▶ TRY IT: Once the line containing "Used 2011 Mercedes-Benz" is found in the data below, repeat it and every later line exactly, leaving the pictures out.

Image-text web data
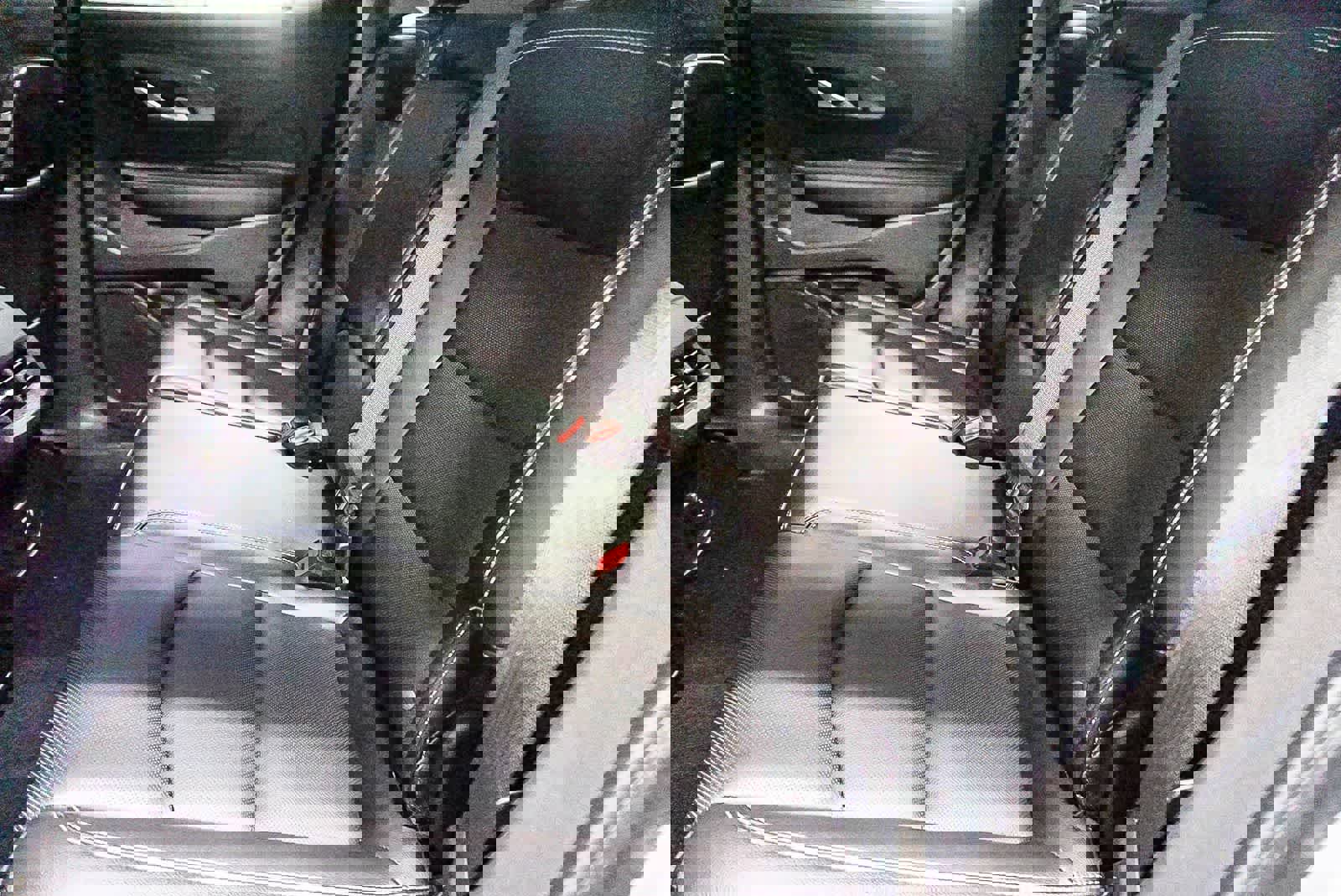 Used 2022 GMC Terrain SLT image 19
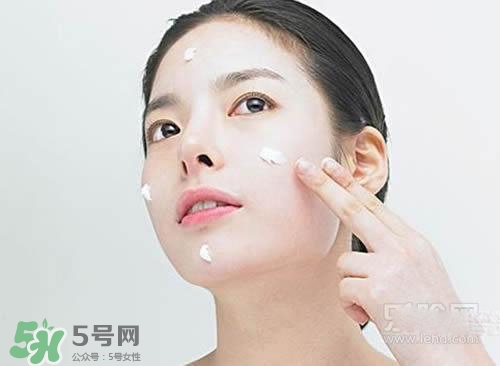 肌底液可以當精華用嗎？肌底液可以代替精華嗎？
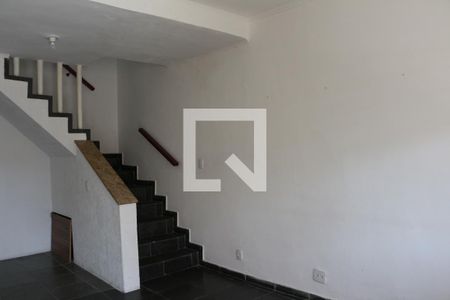 Casa de condomínio à venda com 100m², 2 quartos e 1 vagaSala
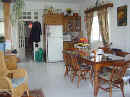 kitchen2_lca.jpg (40814 bytes)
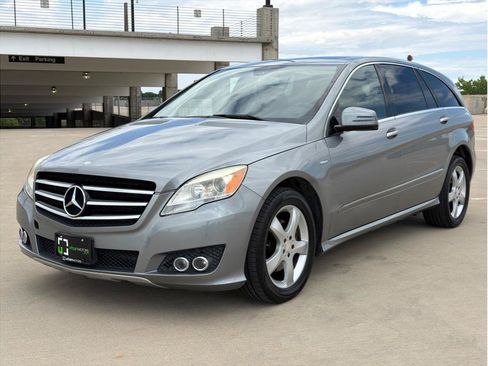 Used 2011 Mercedes-Benz R 350 BlueTEC 4MATIC image 3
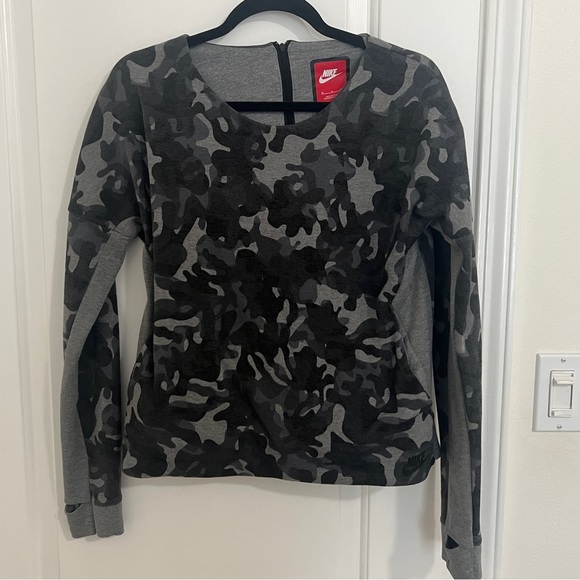 Nike Camouflage Sweatshirt - Picture 4 of 6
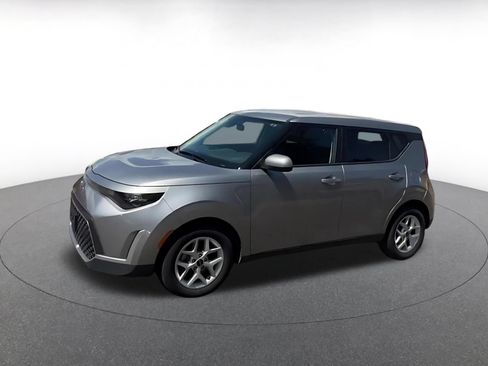 Used 2025 Kia Soul LX w/ LX Technology Package FWD image 8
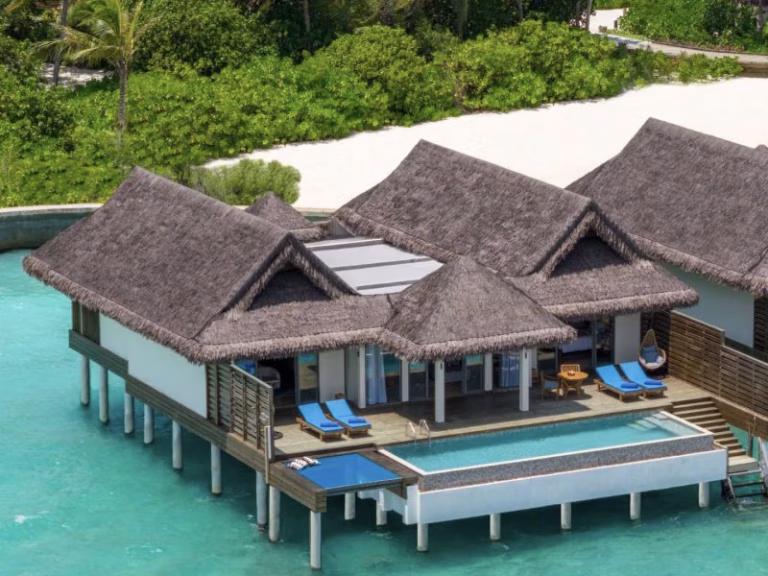 DusitD2 Feydhoo Maldives Two bedroon party suite with private pool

▶ EXERCISE RESPONSE:
 Used 2011 Mercedes-Benz R 350 BlueTEC 4MATIC image 3
 Nike Camouflage Sweatshirt - Picture 4 of 6
 Used 2025 Kia Soul LX w/ LX Technology Package FWD image 8
 DusitD2 Feydhoo Maldives Two bedroon party suite with private pool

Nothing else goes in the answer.